Dia kemudian beranjak ke meja makan, Tante Rina sudah duduk terlebih dahulu di sana.
"Selamat Pagi sayang, kau sudah rapi sekali mau kemana?" tanya Tante Rina.
"Aku mau ke rumah sakit Ma!" sahut Vania yang langsung duduk di depan Mamanya.
"Rumah sakit? Untuk apa?" tanya Tante Rina.
"Menjenguk Kia Ma!" jawab Vania.
"Kia ... dia itu bukan anakmu, kau jangan terlalu memperhatikan dia, makin besar kepala nanti Sandra!" cetus Tante Rina.

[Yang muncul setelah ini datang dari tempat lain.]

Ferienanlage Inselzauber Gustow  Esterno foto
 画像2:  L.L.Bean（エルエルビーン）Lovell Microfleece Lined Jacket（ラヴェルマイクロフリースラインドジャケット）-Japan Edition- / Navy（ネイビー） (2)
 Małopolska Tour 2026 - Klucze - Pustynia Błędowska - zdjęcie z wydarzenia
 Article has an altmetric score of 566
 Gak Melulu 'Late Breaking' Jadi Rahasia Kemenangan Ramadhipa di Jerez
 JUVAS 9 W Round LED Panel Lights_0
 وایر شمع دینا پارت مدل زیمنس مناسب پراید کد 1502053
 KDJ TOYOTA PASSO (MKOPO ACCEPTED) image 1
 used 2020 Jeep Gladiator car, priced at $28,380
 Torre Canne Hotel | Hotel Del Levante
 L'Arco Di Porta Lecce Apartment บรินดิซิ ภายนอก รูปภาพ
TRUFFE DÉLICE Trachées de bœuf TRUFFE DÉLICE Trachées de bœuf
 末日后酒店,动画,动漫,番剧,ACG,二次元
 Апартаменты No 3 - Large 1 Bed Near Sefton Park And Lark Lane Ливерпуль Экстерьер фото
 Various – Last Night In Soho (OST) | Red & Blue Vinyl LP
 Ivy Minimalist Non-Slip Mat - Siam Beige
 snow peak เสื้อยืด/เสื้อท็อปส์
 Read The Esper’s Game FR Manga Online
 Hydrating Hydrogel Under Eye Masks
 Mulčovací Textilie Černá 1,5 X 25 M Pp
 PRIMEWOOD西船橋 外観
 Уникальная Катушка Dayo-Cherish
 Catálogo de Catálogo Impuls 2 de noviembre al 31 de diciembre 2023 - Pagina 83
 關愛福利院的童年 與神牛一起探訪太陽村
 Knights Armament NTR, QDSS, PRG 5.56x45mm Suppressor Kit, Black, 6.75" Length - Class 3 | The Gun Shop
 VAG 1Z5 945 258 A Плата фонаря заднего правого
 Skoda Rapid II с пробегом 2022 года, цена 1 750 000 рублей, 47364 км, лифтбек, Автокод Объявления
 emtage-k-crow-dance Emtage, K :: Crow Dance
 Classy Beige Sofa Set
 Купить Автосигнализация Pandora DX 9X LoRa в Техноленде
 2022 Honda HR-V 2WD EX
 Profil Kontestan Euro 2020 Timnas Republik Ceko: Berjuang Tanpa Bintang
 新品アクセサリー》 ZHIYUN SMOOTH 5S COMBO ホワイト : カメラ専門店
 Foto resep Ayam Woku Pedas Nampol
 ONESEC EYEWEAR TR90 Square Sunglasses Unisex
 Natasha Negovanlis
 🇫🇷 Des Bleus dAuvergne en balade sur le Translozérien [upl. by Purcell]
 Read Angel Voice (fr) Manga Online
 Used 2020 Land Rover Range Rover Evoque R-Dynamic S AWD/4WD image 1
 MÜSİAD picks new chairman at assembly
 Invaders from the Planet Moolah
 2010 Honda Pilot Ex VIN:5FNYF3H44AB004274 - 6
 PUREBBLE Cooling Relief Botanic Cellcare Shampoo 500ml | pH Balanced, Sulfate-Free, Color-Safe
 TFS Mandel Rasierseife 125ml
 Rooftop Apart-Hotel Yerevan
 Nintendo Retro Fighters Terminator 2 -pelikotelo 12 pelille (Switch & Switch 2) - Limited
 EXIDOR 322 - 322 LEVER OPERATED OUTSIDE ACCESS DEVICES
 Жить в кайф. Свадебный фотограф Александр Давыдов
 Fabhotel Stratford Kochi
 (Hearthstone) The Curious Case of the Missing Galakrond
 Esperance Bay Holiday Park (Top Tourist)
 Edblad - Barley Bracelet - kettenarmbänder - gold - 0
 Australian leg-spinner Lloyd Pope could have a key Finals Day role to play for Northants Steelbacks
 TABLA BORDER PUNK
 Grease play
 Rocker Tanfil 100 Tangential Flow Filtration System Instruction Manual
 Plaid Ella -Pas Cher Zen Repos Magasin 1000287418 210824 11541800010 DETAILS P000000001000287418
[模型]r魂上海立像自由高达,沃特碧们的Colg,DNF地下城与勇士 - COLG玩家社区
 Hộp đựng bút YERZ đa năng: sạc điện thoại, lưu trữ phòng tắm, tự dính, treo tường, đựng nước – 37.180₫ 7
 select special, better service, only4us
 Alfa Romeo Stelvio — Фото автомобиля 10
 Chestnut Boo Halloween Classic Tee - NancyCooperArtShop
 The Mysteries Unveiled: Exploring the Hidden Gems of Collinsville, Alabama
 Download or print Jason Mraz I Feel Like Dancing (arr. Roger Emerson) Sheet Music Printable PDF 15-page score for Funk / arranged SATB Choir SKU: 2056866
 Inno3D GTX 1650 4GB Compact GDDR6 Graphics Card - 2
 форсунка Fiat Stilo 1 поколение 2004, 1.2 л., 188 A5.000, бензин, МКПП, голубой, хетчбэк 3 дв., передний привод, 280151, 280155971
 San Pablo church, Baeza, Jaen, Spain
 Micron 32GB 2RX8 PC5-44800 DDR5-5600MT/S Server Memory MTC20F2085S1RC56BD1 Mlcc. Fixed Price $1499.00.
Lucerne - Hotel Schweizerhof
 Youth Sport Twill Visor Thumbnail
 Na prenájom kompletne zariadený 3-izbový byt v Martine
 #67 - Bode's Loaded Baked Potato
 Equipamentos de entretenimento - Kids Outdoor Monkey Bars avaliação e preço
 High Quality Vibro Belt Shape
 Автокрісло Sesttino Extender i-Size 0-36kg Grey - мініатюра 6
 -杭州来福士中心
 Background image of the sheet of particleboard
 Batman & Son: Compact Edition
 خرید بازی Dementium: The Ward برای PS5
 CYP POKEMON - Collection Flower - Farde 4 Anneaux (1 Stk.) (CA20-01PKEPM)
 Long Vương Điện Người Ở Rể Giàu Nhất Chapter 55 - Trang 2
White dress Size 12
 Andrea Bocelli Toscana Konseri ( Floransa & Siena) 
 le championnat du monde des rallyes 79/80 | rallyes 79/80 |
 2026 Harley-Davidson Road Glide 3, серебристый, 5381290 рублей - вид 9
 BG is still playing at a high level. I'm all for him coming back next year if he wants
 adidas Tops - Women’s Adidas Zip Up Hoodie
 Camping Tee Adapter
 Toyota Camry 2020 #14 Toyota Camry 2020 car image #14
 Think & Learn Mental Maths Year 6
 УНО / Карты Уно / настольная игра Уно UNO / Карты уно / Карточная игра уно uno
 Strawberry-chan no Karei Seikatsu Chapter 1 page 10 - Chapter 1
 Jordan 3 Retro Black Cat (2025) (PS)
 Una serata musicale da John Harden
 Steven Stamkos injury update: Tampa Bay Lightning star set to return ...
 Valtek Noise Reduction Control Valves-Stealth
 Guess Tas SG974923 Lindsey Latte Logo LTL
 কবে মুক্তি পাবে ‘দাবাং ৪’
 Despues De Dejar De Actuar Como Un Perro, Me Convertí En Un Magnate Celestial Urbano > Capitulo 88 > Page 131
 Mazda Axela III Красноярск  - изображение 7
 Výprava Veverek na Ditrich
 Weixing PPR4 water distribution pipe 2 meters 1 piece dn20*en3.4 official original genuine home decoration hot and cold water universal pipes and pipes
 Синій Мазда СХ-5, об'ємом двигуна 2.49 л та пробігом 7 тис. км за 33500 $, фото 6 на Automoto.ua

"Tapi Kia anak Nando Ma, anak suamiku! Apalagi sekarang Kia sedang di rawat, kasihan Nando, pasti saat ini dia sedang sedih!" ungkap Vania.
"Van, kau ini bodoh atau apa sih? Apa kau mau sakit hati melihat mereka berdua? Mama tidak rela kalau anak Mama sakit hati! Lebih baik kau tak usah datang!" kata Tante Rina.
"Ma, mungkin benar Nando memang tidak mencintai aku, tapi, bukan berarti aku membenci mereka, mereka tidak salah Ma, kenapa Mama selalu sentimen pada mereka?!" seru Vania.
"Van, kau adalah istri pertama Nando, sebagai suami, seharusnya dia memperhatikanmu, menyayangimu, dan bersikap adil padamu! Pokoknya Mama tidak rela kalau kau sakit hati hanya karena si wanita malam yang pelakor itu!" sengit Tante Rina.
"Mama!! Kenapa Mama bicara begitu?? Walau Sandra bekas wanita malam, tapi Nando sangat mencintainya! Dia bukan pelakor, aku yang selalu tutup mata, hanya karena takut kehilangan Nando!" Vania mulai menangis.
"Maafkan Mama Van, Kau anak Mama satu-satunya, seharusnya kau bahagia, bukan selalu makan hati terus setiap hari, Mama tidak rela!" Tante Rina lalu memeluk Vania erat.
"Mungkin ini adalah takdirku Ma, mencintai orang yang tidak mencintai kita adalah hal yang menyakitkan, tapi bisa melihat orang yang kita cintai bahagia itu sudah cukup!" Isak Vania.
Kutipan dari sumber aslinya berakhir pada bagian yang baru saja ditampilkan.